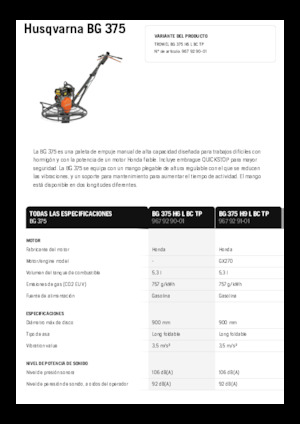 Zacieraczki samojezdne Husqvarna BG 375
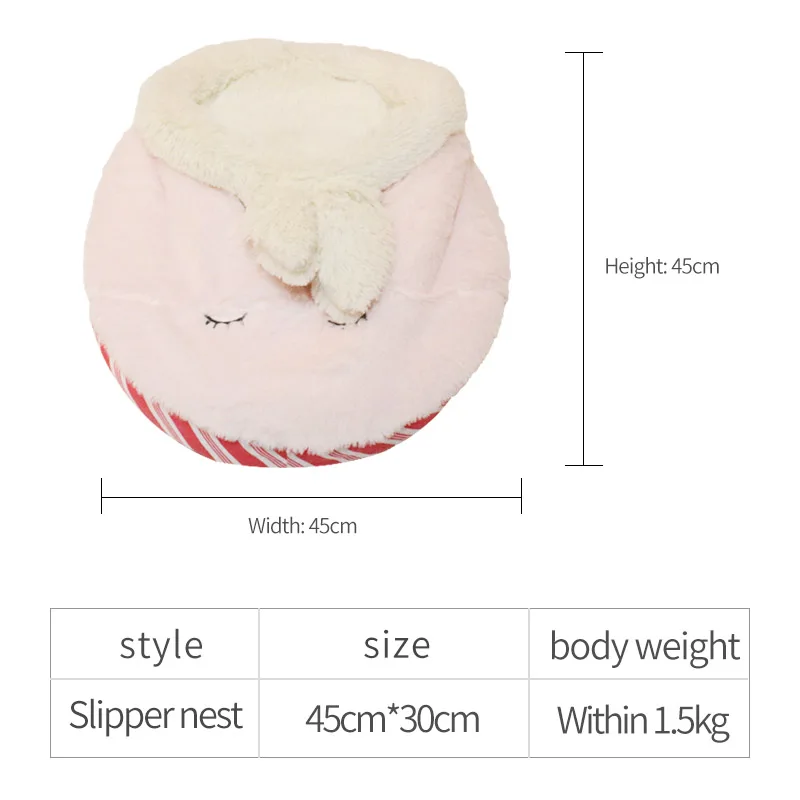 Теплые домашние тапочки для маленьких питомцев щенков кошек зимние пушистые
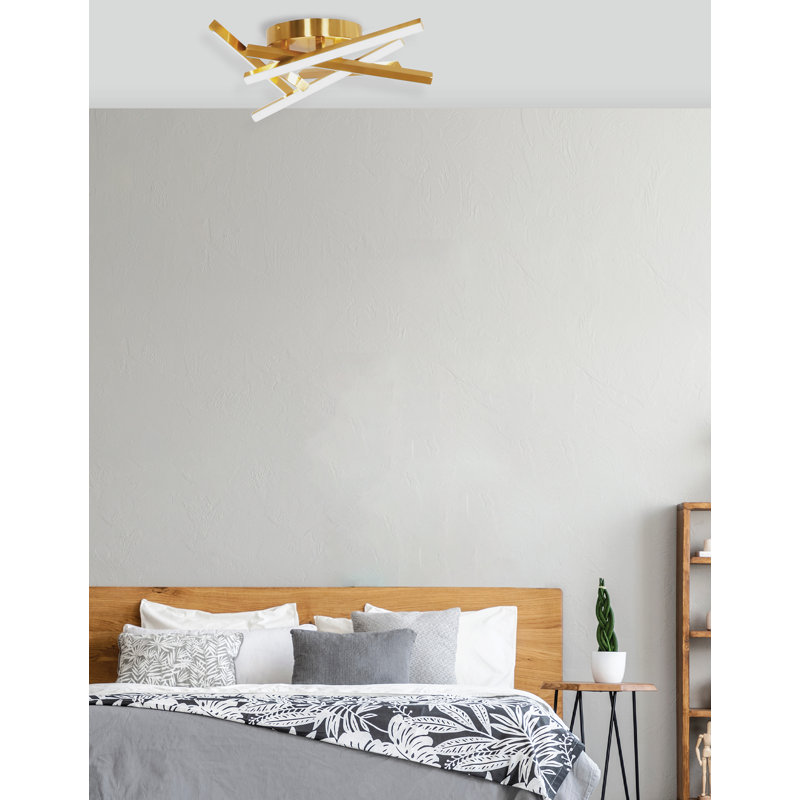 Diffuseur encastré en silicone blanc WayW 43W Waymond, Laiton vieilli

TASK ITEM >> Set down the data above word for word, leaving every picture out.

COMPLETED EXERCISE >>
 Zacieraczki samojezdne Husqvarna BG 375
 Теплые домашние тапочки для маленьких питомцев щенков кошек зимние пушистые
 Diffuseur encastré en silicone blanc WayW 43W Waymond, Laiton vieilli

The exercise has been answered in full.